Rewolucja w systemach start-stop w USA

Rewolucja w systemach start-stop w USA

Amerykańska administracja podejmuje niełatwą decyzję, dotyczącą kontrowersyjnego systemu start-stop, który zyskuje na popularności. Choć nie zawsze zgadzam się z polityką nowej administracji, tym razem muszę przyznać, że podejście szefa agencji ochrony środowiska, EPA, jest godne uwagi.

Wielu kierowców zna frustrujące sytuacje, gdy podczas manewrów, takich jak skręcanie w lewo, silnik gaśnie, co prowadzi do opóźnień i dezorientacji. Mechanizm start-stop, którego zadaniem jest oszczędzanie paliwa poprzez wyłączanie silnika na postoju, często działa w sposób, który może być niebezpieczny, zwłaszcza w pojazdach z automatycznymi skrzyniami biegów.

Podczas gdy najnowsze modele aut z hybrydowym napędem radzą sobie lepiej z tym systemem, w tradycyjnych samochodach spalinowych aktywacja start-stop zaraz po uruchomieniu silnika bywa uciążliwa. Często zdarza się, że kierowcy muszą poszukiwać przycisku lub opcji w menu, by dezaktywować ten mechanizm.

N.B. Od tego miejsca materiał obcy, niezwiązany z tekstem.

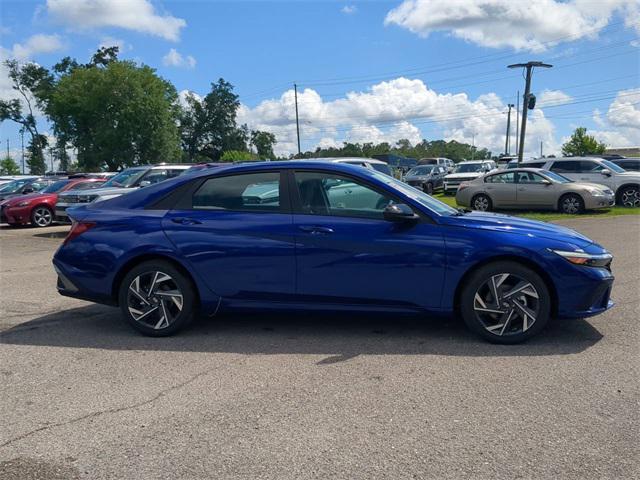 2025 Hyundai Elantra Hybrid SEL Sport photo 4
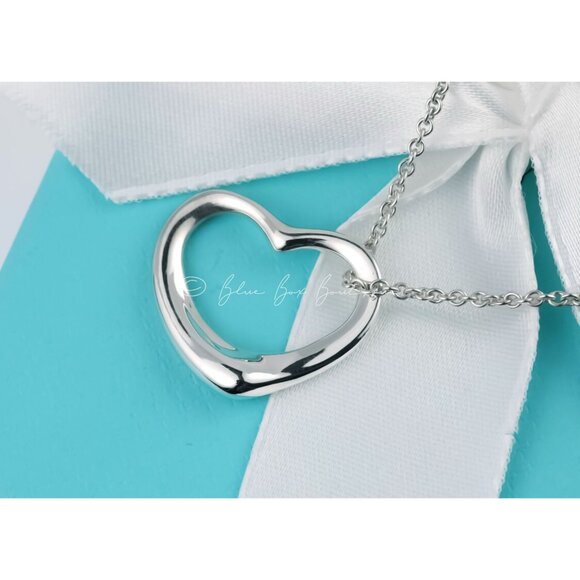Tiffany & Co. Elsa Peretti Vintage Open Heart Pendant Medium Necklace 16" Chain - Picture 2 of 7
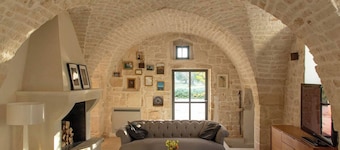 Idyllic 5-bedroom ancient Villa in Puglia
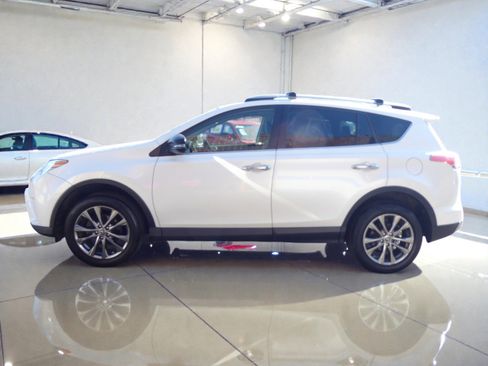 Used 2018 Toyota RAV4 Limited w/ All Weather Liner Package AWD/4WD image 8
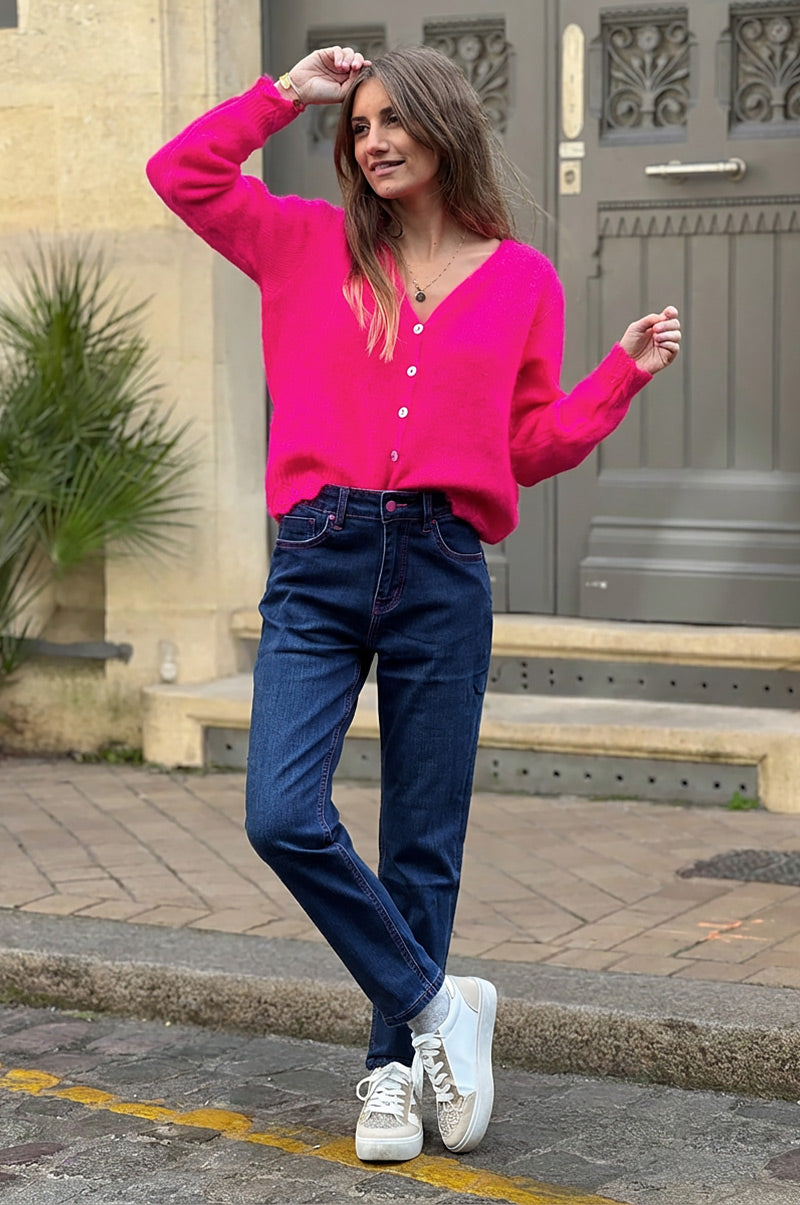 Jean fonce délave détail coutures rose fuchsia coupe slim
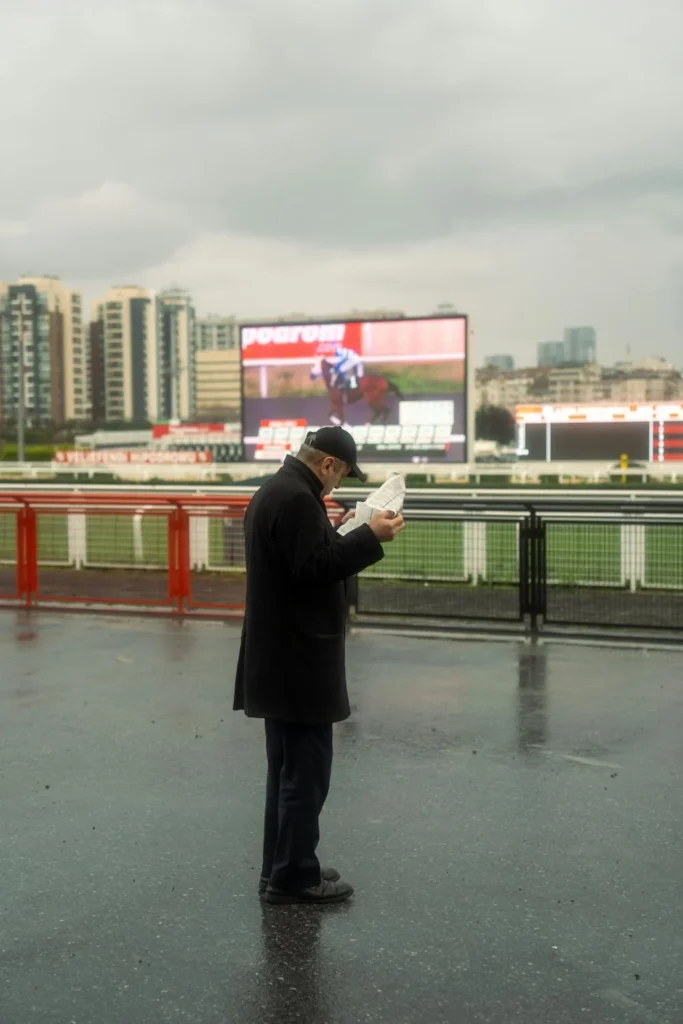 The Psychology Behind Betting Trends & How to Stay Disciplined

Podobne regulacje jak w Europie obowiązują także w Stanach Zjednoczonych, gdzie nowe samochody muszą sprostać normom emisji spalin. System start-stop ma na celu obniżenie emisji, jednak czy przyszłość tego rozwiązania jest zagrożona? Szef EPA jasno zaznaczył na portalach społecznościowych, że jego biuro planuje przyjrzeć się technologii start-stop, która zdaniem wielu kierowców, staje się coraz bardziej problematyczna.

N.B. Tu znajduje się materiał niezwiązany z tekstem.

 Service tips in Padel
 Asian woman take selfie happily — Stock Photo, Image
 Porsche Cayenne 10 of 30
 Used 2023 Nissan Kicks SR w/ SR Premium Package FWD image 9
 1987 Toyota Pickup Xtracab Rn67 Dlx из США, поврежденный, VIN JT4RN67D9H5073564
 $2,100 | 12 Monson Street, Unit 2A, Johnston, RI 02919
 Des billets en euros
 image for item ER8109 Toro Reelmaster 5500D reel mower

Możliwe jest, że w przyszłości tę technologię zniechęci się poprzez zaostrzenie przepisów emisyjnych. Być może wprowadzenie surowszych norm sprawi, że obecność systemu nie przynosi korzyści finansowych producentom. Z drugiej strony, istnieje również ryzyko, że wszystkie zmiany ograniczą się do dyskusji na temat norm, podczas gdy realne zmiany nie zajdą.

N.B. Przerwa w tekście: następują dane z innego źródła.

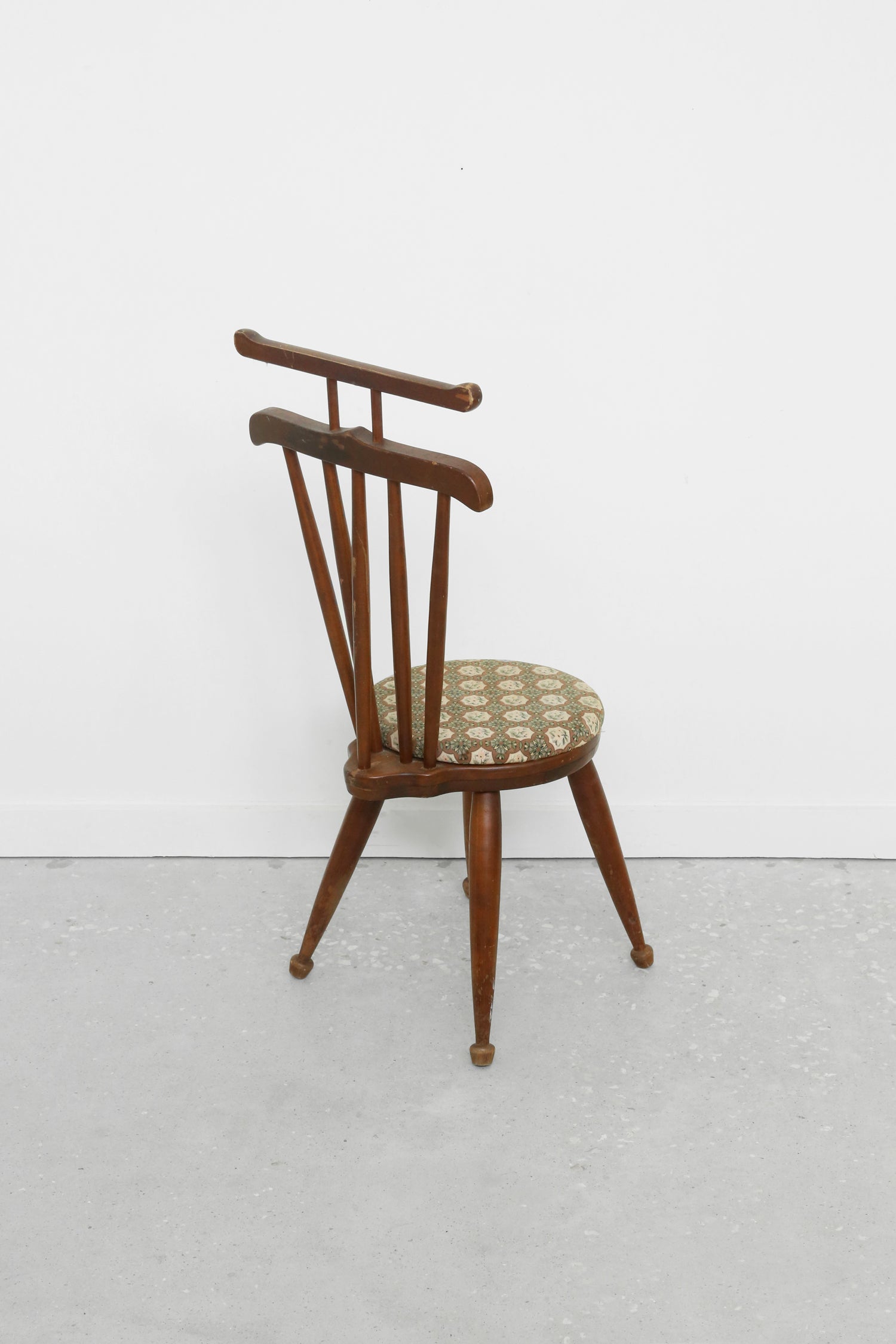 Mid Century Valet Chair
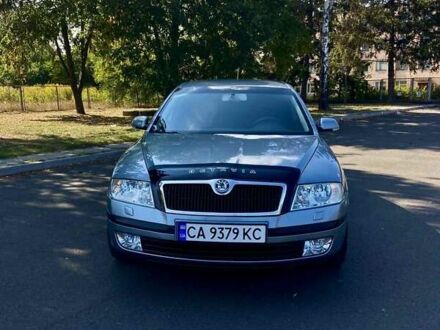Серый Шкода Октавия, объемом двигателя 1.6 л и пробегом 222 тыс. км за 6200 $, фото 1 на Automoto.ua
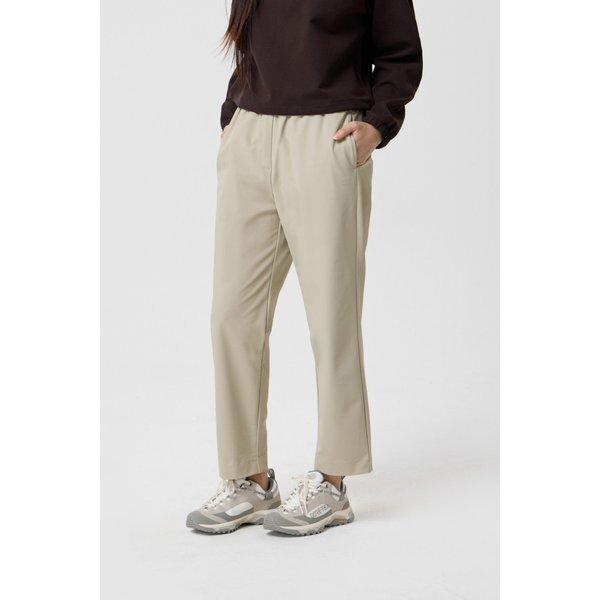 Kolon SportS Women S Tapered Fit Crop pantS Tvpna24412lbe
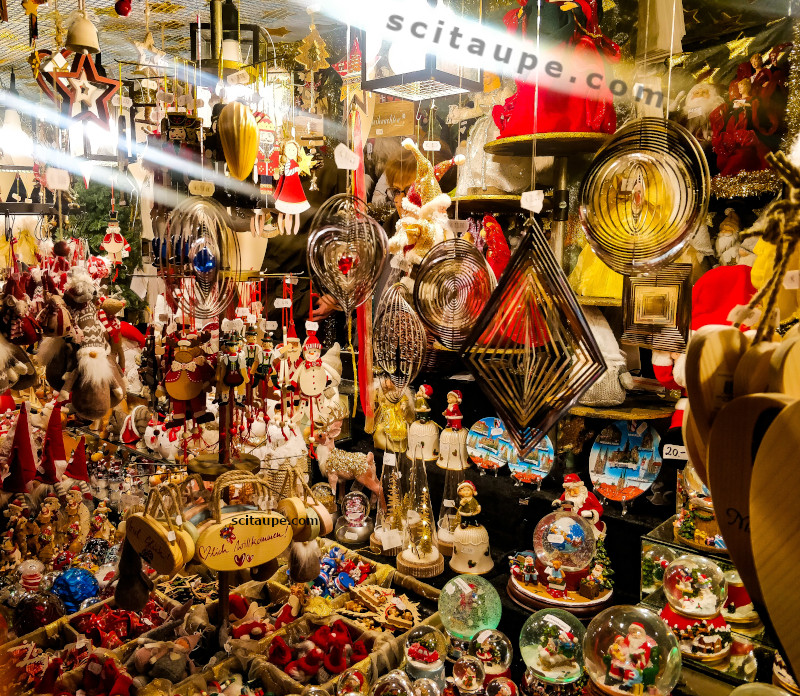 Nuremberg Christmas Market - Magical snow globes are popular among the younger visitors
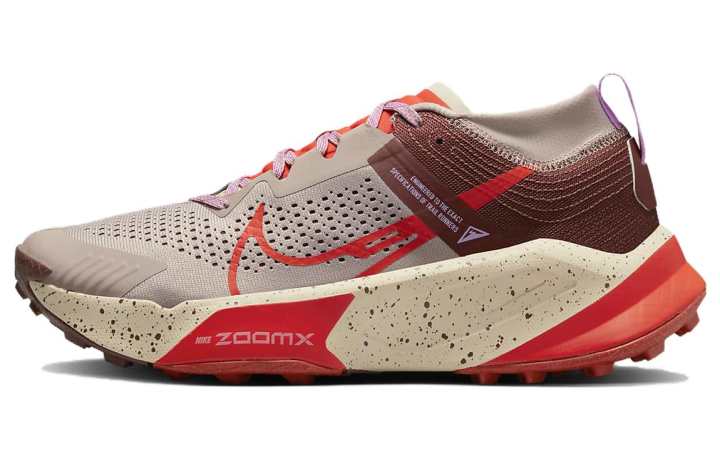Nike Nike ZoomX Zegama Trail Diffused Taupe Dark Pony Sanddrift Picante Red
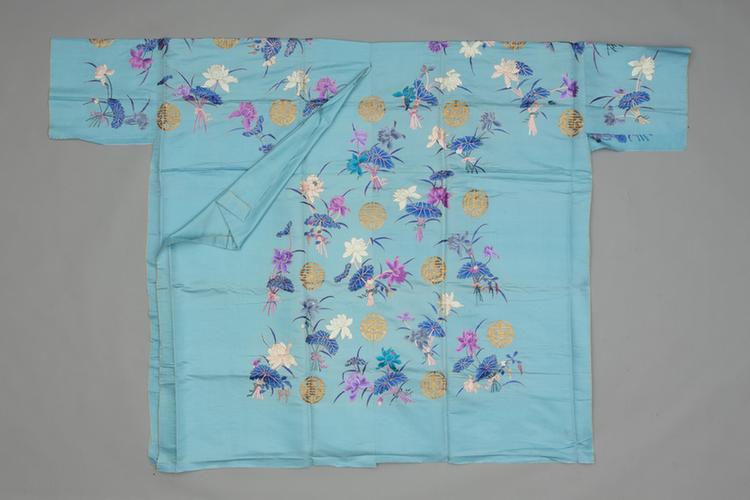 湖色绸绣浅彩把莲金团寿字纹氅衣料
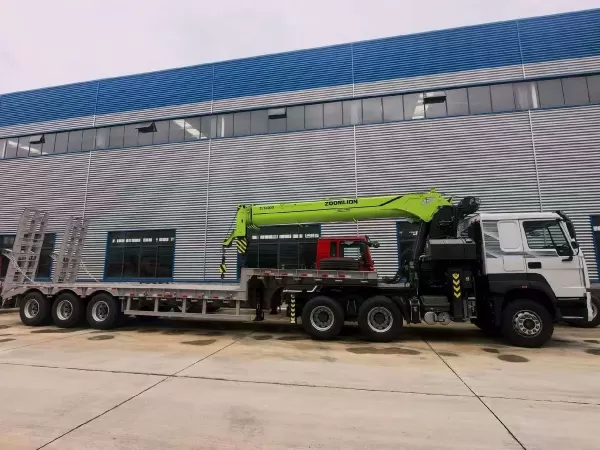 SINOTRUK HOWO 6x4 Tractor 3-Axle Lowbed Semi-Trailer with Crane Set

Warto zauważyć, że według doniesień Battery Council International, systemy start-stop przyczyniły się do uniknięcia emisji 10 milionów ton gazów cieplarnianych od 2023 roku. Jak zatem można poprawić ten mechanizm, aby był bardziej efektywny? Idealnym rozwiązaniem byłoby, aby silnik wyłączał się dopiero po 10 sekundach postoju. Taki czas pozwoliłby na ograniczenie zanieczyszczeń, jednocześnie nie wpływając na bezpieczeństwo kierowców i ich zdolność do szybkiej reakcji.